Regex for email validation: why it's harder than you think

5 min readregexfundamentals

Every developer writes an email validation regex at some point. Most of them get it wrong — not because they're bad at regex, but because email addresses are far weirder than anyone expects.

The pattern everyone starts with

The first attempt usually looks something like this:

^[a-zA-Z0-9]+@[a-zA-Z0-9]+\.[a-zA-Z]{2,}$

This matches john@example.com and rejects obvious nonsense. It feels correct. But it fails on completely valid addresses like john.doe@example.com (dots in the local part), john+tag@example.com (plus addressing, used by Gmail), and admin@sub.domain.example.com (multiple dots in the domain).

A better pattern

Most production email validation uses something closer to this:

^[a-zA-Z0-9._%+-]+@[a-zA-Z0-9.-]+\.[a-zA-Z]{2,}$

Let's break it down:

  • ^ and $ — anchor to the full string, no partial matches
  • [a-zA-Z0-9._%+-]+ — local part: letters, numbers, dots, underscores, percent signs, plus signs, hyphens
  • @ — the literal @ symbol
  • [a-zA-Z0-9.-]+ — domain: letters, numbers, dots, hyphens
  • \.[a-zA-Z]{2,}$ — TLD: a dot followed by at least 2 letters

This handles the vast majority of real-world email addresses. It's the pattern used by HTML5's <input type="email"> validation, with minor variations.
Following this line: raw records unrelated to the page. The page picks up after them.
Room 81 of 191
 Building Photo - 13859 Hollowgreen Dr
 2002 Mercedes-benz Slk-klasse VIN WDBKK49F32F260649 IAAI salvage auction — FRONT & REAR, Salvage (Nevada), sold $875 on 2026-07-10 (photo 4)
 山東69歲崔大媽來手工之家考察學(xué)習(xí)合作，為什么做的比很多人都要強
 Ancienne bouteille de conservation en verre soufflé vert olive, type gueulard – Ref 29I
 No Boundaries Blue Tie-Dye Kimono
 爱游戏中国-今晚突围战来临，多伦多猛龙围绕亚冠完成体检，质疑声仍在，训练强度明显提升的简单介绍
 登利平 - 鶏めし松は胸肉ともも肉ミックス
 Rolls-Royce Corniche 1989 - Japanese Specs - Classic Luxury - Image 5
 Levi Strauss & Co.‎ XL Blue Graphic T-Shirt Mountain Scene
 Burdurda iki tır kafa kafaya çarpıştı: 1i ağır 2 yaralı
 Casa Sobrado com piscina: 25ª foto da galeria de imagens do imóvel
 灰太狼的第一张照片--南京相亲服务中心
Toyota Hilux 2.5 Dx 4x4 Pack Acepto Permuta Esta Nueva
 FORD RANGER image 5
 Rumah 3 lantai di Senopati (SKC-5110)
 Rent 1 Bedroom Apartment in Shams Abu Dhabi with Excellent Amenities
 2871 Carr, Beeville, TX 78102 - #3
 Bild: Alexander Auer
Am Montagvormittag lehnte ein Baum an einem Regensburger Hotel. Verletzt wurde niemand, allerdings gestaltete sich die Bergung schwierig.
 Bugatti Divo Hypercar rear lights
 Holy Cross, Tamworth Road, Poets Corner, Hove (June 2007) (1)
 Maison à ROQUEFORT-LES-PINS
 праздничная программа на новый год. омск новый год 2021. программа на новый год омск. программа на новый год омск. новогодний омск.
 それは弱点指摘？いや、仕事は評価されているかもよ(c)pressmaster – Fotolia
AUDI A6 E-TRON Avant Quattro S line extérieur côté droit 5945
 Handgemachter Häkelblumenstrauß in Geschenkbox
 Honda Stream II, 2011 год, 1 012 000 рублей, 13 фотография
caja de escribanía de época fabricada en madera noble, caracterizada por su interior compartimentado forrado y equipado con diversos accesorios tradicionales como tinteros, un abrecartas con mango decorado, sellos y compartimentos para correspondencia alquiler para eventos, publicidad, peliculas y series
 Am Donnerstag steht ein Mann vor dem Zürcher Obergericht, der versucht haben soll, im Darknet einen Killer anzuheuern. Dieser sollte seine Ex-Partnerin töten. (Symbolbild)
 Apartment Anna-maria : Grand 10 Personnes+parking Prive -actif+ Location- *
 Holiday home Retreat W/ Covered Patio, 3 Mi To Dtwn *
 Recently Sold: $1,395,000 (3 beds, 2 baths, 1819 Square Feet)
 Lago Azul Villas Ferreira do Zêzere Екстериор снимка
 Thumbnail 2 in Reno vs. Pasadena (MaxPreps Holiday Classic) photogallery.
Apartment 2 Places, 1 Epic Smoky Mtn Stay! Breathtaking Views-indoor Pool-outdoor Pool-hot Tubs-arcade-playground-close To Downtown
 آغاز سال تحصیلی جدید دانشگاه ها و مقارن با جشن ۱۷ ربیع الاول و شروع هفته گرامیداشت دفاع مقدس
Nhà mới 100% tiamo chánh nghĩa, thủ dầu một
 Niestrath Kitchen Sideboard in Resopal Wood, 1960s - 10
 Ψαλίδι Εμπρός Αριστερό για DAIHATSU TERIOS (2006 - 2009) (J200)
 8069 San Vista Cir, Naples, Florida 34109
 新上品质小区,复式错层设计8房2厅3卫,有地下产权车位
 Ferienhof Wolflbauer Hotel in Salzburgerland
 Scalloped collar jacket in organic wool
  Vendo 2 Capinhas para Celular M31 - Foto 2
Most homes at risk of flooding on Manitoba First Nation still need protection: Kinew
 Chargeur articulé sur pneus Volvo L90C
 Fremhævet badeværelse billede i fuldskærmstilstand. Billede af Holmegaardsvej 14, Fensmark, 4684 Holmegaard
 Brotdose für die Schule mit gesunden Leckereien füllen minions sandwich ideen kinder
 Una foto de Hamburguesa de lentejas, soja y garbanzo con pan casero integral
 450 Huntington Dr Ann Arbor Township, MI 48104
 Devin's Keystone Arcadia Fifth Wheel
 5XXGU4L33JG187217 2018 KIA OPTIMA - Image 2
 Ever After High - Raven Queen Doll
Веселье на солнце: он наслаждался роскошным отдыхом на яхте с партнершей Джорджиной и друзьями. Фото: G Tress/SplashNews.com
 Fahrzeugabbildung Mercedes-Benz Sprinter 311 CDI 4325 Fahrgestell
But it's still not perfect.

The addresses you're probably rejecting

Here are valid email addresses that the "better" pattern above rejects:

Quoted local parts: "john doe"@example.com is valid. Spaces, and even @ signs, are allowed inside double quotes in the local part. Almost nobody uses this, but it's legal.

IP address domains: user@[192.168.1.1] is valid. You can use an IP address instead of a domain name, enclosed in square brackets.

International characters: 用户@例え.jp is valid under the EAI (Email Address Internationalization) standard. Unicode is allowed in both the local part and the domain.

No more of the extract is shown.